• _PROBLEM STATEMENT_
Your task is to repeat exactly the lines below between the line holding "Shorts - Image 6" and the line holding "- página 11", inclusive, and only those.

(EXTRACTED ENTRIES Opens)

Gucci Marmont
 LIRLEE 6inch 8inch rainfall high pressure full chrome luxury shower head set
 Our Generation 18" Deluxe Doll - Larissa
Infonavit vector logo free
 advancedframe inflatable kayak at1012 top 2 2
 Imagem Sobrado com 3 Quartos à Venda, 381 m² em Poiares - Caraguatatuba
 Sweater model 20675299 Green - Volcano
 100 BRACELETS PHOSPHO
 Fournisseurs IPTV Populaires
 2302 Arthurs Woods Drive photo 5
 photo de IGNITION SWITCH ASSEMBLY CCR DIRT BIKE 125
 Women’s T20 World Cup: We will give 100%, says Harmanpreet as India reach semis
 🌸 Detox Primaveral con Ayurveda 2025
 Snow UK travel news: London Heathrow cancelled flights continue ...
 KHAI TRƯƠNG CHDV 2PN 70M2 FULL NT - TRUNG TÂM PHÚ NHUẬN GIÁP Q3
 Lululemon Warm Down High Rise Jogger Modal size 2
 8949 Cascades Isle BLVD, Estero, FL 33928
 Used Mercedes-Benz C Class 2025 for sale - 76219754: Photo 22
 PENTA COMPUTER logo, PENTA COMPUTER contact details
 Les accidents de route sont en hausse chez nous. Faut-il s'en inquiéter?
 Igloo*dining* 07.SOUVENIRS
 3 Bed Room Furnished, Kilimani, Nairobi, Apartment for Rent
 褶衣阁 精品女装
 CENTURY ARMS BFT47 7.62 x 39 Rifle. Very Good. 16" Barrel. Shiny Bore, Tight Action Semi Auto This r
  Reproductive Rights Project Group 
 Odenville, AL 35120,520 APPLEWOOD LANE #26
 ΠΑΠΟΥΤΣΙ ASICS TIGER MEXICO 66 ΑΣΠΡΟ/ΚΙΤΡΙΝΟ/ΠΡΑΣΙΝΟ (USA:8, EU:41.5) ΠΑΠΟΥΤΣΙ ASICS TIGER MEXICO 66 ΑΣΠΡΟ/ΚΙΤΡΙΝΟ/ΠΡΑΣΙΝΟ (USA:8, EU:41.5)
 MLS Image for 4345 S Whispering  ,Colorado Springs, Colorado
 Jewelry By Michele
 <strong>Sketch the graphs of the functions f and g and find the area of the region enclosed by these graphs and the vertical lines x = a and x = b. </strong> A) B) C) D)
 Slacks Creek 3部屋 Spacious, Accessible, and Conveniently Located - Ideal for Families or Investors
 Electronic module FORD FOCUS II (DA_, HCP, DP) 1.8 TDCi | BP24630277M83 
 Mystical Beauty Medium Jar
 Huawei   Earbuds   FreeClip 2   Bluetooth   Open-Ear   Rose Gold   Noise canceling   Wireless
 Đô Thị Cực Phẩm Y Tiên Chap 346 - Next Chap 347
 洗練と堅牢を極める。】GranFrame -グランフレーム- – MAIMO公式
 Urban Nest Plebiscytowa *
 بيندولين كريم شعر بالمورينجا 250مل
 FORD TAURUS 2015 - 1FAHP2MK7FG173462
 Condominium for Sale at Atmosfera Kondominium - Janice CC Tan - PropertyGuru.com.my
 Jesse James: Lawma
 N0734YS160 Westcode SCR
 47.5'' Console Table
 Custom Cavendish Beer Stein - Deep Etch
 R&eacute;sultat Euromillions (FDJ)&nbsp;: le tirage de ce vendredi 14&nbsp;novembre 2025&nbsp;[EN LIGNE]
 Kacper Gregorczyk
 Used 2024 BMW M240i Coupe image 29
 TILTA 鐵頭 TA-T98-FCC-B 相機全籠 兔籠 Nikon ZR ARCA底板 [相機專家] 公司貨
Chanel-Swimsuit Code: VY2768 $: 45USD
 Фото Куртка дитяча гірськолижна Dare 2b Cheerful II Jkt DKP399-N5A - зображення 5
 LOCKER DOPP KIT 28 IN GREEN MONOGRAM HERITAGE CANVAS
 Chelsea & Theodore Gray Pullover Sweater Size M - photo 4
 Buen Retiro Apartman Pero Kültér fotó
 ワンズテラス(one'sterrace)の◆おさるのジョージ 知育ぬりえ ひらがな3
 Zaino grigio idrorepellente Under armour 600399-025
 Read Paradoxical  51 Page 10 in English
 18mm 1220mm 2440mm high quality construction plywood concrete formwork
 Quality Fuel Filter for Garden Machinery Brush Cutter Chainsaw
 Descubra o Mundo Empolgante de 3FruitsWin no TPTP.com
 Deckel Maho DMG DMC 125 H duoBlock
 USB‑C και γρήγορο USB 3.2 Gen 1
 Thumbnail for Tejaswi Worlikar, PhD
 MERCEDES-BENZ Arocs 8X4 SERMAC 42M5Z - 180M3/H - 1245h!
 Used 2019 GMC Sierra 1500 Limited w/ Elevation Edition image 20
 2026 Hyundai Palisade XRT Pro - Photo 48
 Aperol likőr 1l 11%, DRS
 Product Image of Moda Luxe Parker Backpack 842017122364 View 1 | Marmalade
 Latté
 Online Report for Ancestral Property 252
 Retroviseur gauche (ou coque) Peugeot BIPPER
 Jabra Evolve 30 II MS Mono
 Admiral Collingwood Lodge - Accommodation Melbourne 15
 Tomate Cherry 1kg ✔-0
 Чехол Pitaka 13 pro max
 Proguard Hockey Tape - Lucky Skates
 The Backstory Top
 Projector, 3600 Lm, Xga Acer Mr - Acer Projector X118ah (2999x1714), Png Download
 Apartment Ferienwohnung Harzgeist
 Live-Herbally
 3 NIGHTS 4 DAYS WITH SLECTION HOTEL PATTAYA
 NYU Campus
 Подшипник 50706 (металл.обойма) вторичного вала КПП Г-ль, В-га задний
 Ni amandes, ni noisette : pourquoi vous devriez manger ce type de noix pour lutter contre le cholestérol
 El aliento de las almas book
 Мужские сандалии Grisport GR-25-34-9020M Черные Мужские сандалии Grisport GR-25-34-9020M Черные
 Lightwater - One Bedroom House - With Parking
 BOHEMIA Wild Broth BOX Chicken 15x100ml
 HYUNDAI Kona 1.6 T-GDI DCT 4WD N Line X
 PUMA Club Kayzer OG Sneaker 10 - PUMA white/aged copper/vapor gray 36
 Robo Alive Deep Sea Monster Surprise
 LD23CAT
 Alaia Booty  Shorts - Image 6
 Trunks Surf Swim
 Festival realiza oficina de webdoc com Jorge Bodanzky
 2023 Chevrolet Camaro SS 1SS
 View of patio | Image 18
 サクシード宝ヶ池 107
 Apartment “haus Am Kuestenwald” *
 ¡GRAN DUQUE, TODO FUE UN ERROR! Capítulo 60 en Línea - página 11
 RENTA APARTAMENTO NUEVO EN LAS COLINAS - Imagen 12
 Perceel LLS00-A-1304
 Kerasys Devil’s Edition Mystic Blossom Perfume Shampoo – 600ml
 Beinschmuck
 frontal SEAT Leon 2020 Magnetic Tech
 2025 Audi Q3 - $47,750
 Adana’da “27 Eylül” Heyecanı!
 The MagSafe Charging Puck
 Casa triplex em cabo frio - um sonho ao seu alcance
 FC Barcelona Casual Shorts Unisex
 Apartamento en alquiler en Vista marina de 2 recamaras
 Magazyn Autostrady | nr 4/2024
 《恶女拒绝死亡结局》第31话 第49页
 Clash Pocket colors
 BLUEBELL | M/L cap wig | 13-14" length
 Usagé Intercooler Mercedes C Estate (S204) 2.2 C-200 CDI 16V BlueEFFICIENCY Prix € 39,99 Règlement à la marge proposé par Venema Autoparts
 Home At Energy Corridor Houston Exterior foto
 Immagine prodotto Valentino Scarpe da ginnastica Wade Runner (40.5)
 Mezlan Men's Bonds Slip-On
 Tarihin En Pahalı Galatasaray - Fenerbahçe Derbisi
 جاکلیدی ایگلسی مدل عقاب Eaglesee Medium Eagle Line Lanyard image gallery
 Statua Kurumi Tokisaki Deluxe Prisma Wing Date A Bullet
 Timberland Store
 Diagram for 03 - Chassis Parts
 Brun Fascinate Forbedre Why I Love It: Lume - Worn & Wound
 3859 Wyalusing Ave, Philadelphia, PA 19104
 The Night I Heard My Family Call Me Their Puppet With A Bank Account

(EXTRACTED ENTRIES Closes)

• _EXERCISE OUTPUT_
 Alaia Booty  Shorts - Image 6
 Trunks Surf Swim
 Festival realiza oficina de webdoc com Jorge Bodanzky
 2023 Chevrolet Camaro SS 1SS
 View of patio | Image 18
 サクシード宝ヶ池 107
 Apartment “haus Am Kuestenwald” *
 ¡GRAN DUQUE, TODO FUE UN ERROR! Capítulo 60 en Línea - página 11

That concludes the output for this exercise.